**Required work:** Could you write out, exactly as they stand, only the lines in the listing below from the line with "2523 Grunewald St, Blue" to the line with "New 2026 RAM", both ends included, without the pictures?

**Provided data:**
>>

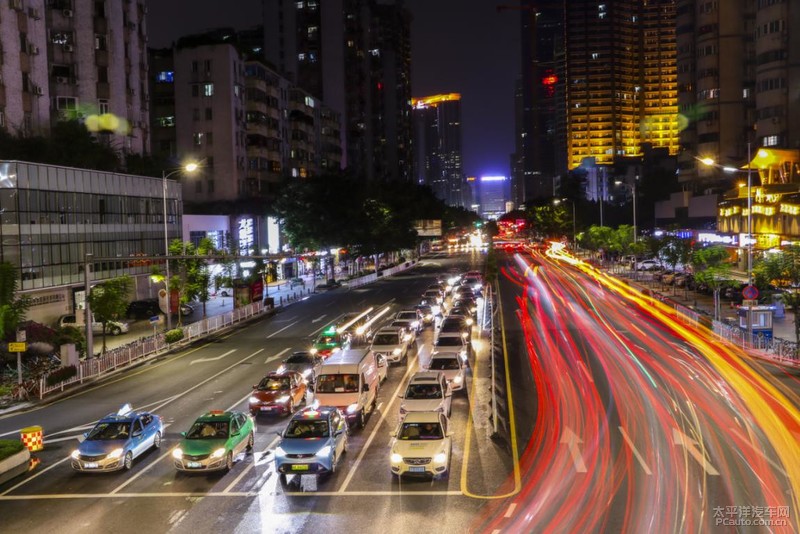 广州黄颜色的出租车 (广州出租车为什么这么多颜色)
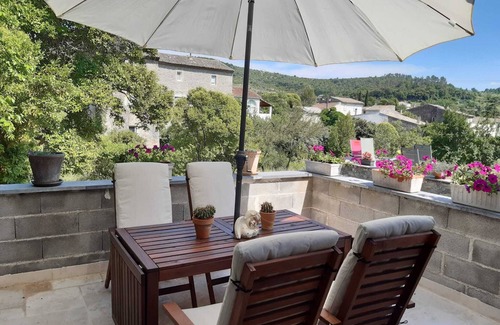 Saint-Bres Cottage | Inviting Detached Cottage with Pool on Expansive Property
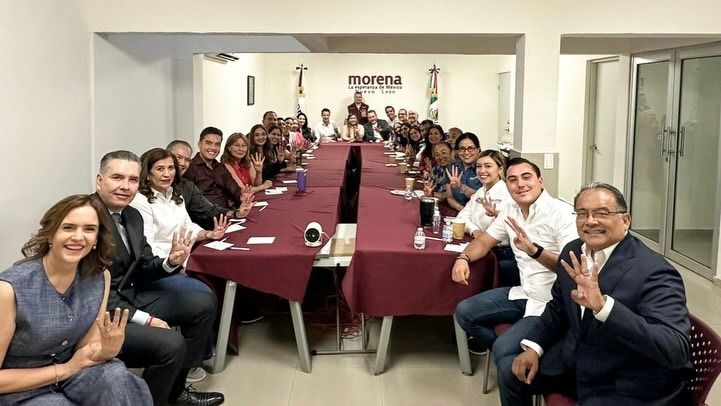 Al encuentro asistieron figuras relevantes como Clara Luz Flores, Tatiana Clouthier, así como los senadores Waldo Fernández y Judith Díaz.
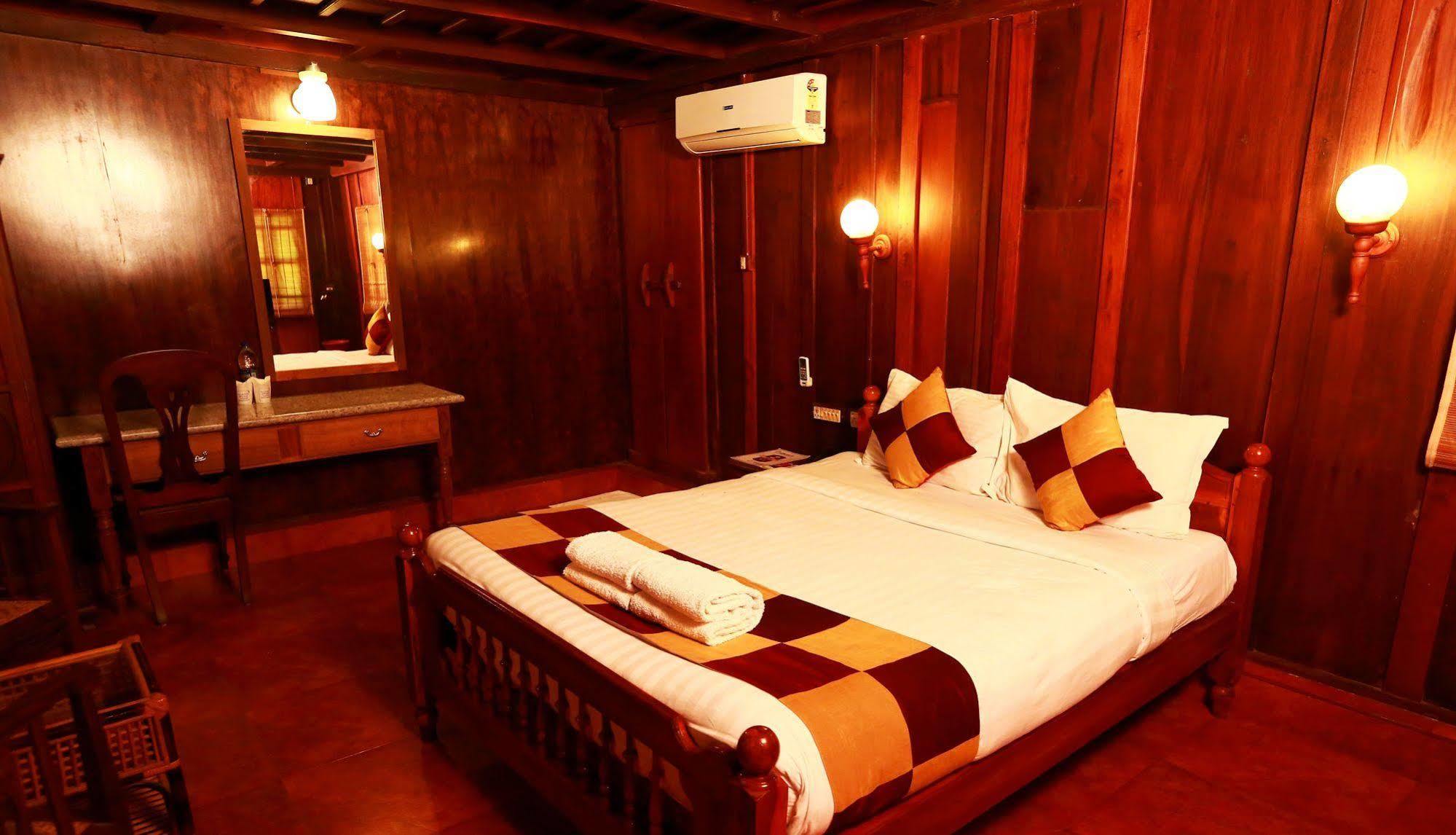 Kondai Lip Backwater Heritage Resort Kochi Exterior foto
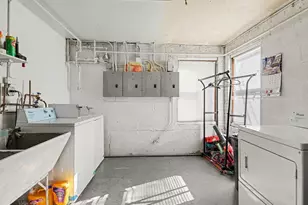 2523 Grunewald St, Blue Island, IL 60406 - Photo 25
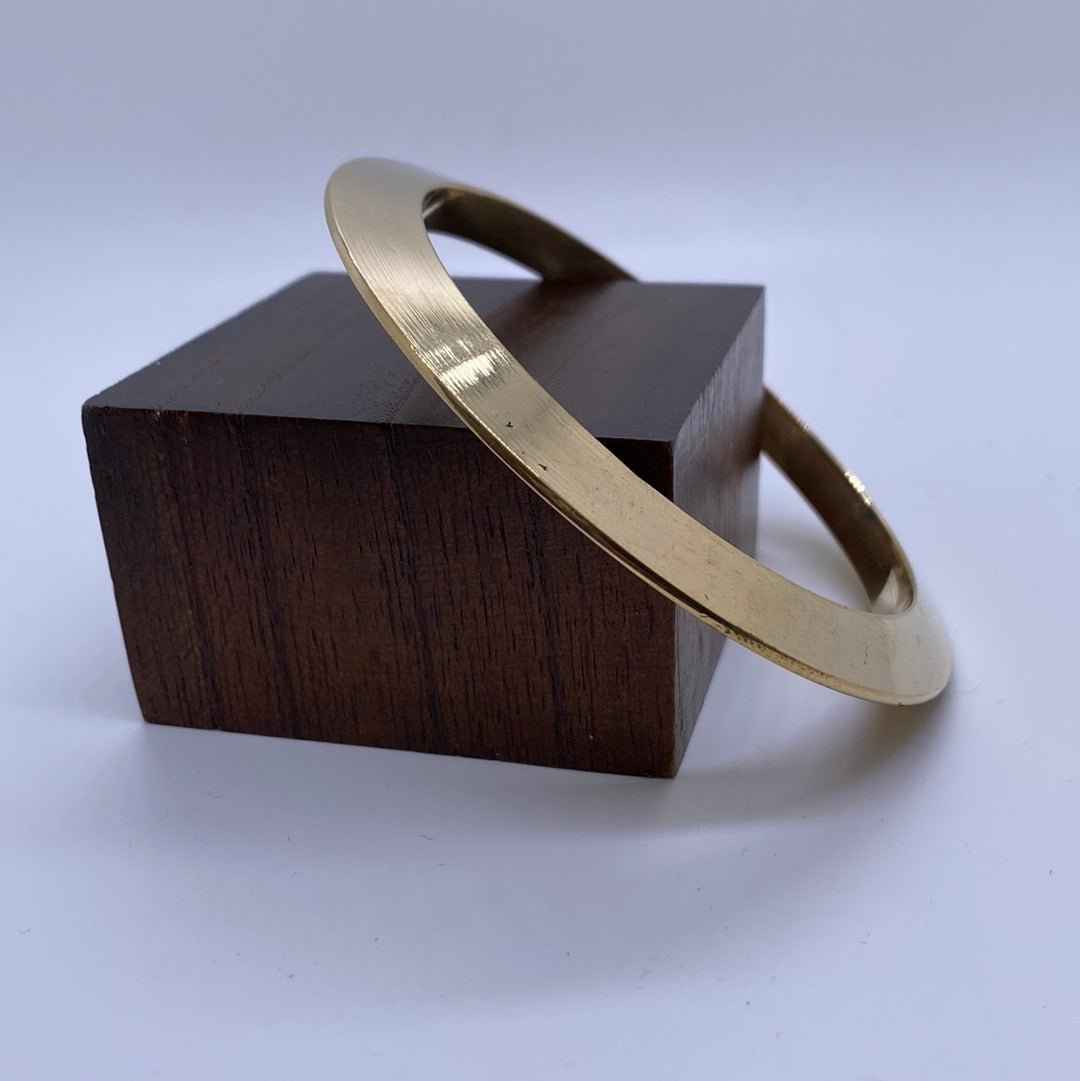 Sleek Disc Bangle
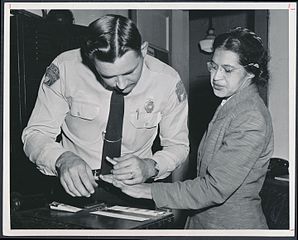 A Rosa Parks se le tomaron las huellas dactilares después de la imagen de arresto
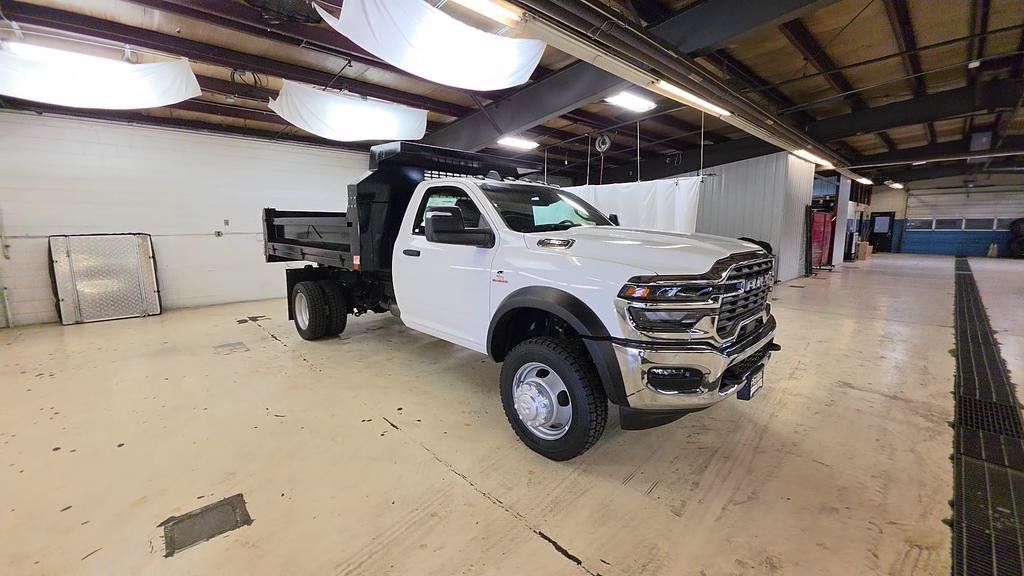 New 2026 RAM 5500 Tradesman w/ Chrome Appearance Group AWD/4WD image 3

<<
>>

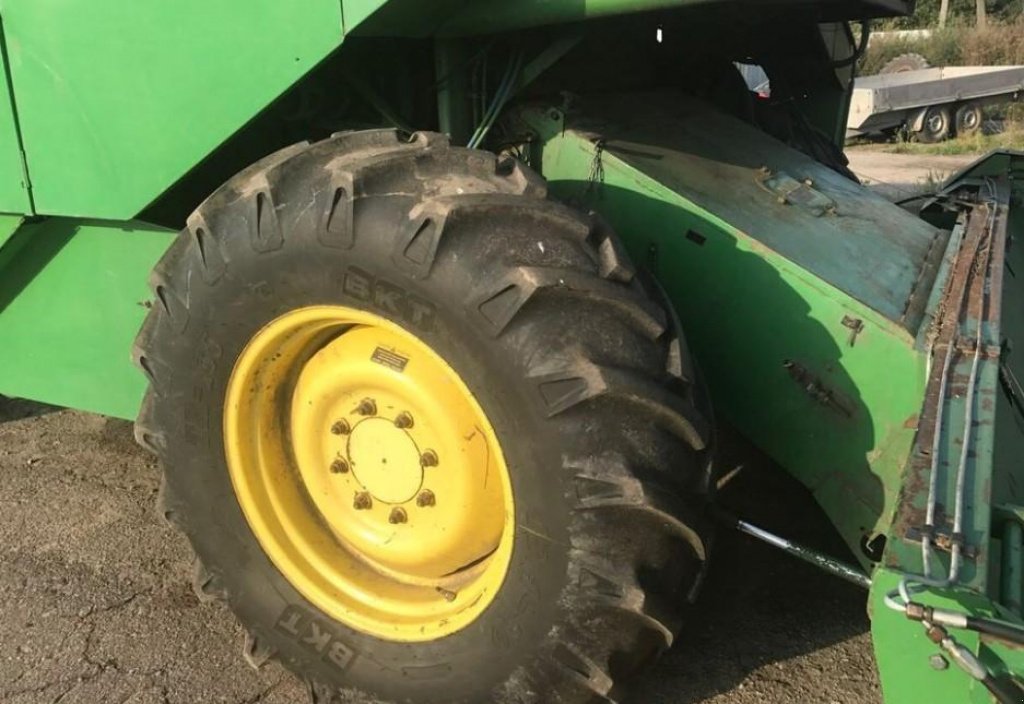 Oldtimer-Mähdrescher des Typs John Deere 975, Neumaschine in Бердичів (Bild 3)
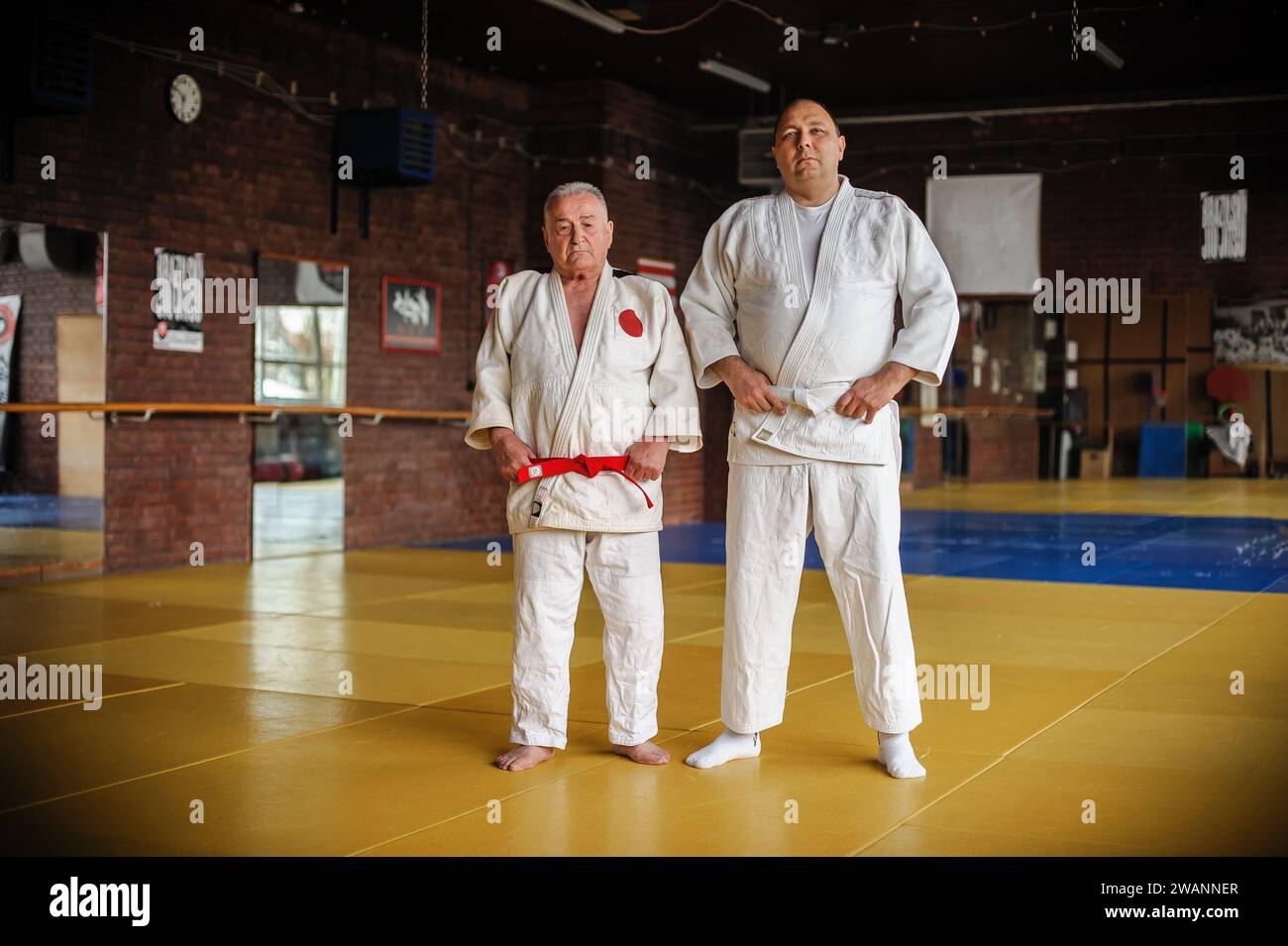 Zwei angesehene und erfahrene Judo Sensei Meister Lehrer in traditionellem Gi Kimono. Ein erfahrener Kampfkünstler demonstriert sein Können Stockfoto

<<

**Output for this exercise:**
 2523 Grunewald St, Blue Island, IL 60406 - Photo 25
 Sleek Disc Bangle
 A Rosa Parks se le tomaron las huellas dactilares después de la imagen de arresto
 New 2026 RAM 5500 Tradesman w/ Chrome Appearance Group AWD/4WD image 3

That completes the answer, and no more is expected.